One of the targets of this campaign is the Federal Justice Minister Sabine Leutheusser-Schnarrenberger (Free Democratic Party, FDP), who was one of the plaintiffs when the Supreme Court struck down the data retention law. The court had ruled the law unconstitutional, since it enabled the security forces to use the retained data to create accurate personality profiles and reconstruct the movements of the entire population. That went too far for the Supreme Court justices.

But the judges left a back door open for the politicians by outlining a new law that the court could uphold. This procedure was not only unusual, the court also departed from its own case law established since 1983. At that time, the court had ruled in relation to the census that the unfounded storage of data was unconstitutional.

Since the ruling on the data retention law, a dispute has simmered inside the government coalition concerning a new version of the law. Proponents of retention invoke an EU directive requiring the retention of telecommunications data in all member states. However, this policy has only been implemented in few countries and itself faces criticism.

It is therefore all the more necessary for security hard-liners to create a fait accompli in Germany in order to break the resistance to data retention in other EU countries. And this is exactly the purpose of last week’s terrorist warnings. Although according to their own information, the security authorities were informed four weeks ago about alleged concrete attack plans, they only made this known on the eve of the Conference of Interior Ministers.

Interior Minister de Maizière has thus brought into focus an issue that was not even on the conference agenda. With the press full of reports about terrorism, the demand was then made to Justice Minister Sabine Leutheusser-Schnarrenberger to quickly draw up a draft for a new data retention law. “Any further delay only helps the criminals do their work,” says the statement by the assembled interior ministers.

In an interview with the Süddeutsche Zeitung, the Federal Justice Minister herself spoke relatively openly about simmering conflicts among the security authorities and opposed a further tightening of security laws.

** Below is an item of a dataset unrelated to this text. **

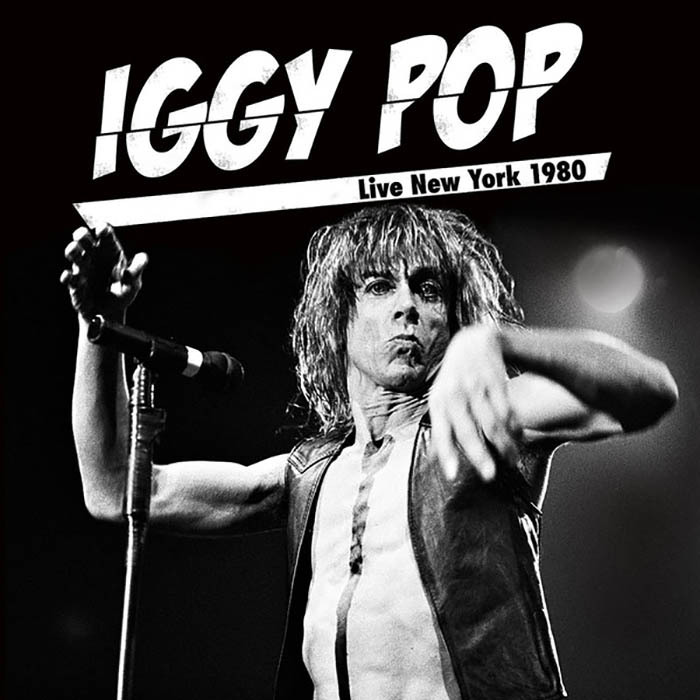 soundsof71:  Iggy Pop Live New York 1980, UK &amp; Ireland bootleg.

“In the first year of government, we have resisted the illusion of speaking about protecting freedom while in reality pushing forward the dismantling of rights and the elimination of freedom,” she said. “For the first time in the past twelve years, the year has ended without the government tightening up the security laws. For years, domestic and legal policy was marked by an unprecedented erosion of fundamental rights. Never before have such new so-called security laws involved so many interventions in constitutionally protected legal rights of the citizens as in the past twelve years.”

Leutheusser-Schnarrenberger said the old data retention law had “strangled civil rights because it allowed limitless data storage, and seemingly unlimited state access to the stored data.”

Interior Minister de Maiziere, who has always belonged to the proponents of data retention, has initially achieved what he wanted. Although he had publicly warned against the exploitation of terrorist threats in order to strengthen legislation, he is now using the hysteria to tighten up security policy.

It is likely that further barriers will soon fall. The remarks by the outgoing chair of the Police Union, Konrad Freiberg, that the police were unprepared for terrorist attacks, is aimed at ensuring the Bundeswehr is tasked with the responsibility for dealing with anti-terrorism.

The report in Der Spiegel that a terrorist cell was preparing an attack on the Reichstag in February or March should also be seen in this context. Regardless of the veracity of this information, the Federal Criminal Police Office has deliberately leaked it to the press. If the security authorities already knew of such plans in the spring, why was the public not informed until now?

There are a number of indications that figures inside the Interior Ministry and security agencies are pursuing their own agenda and are beyond any democratic control. Civil rights are being gradually eroded and a course set for a police state. No party dares to confront this “state within the state” and to denounce it publicly.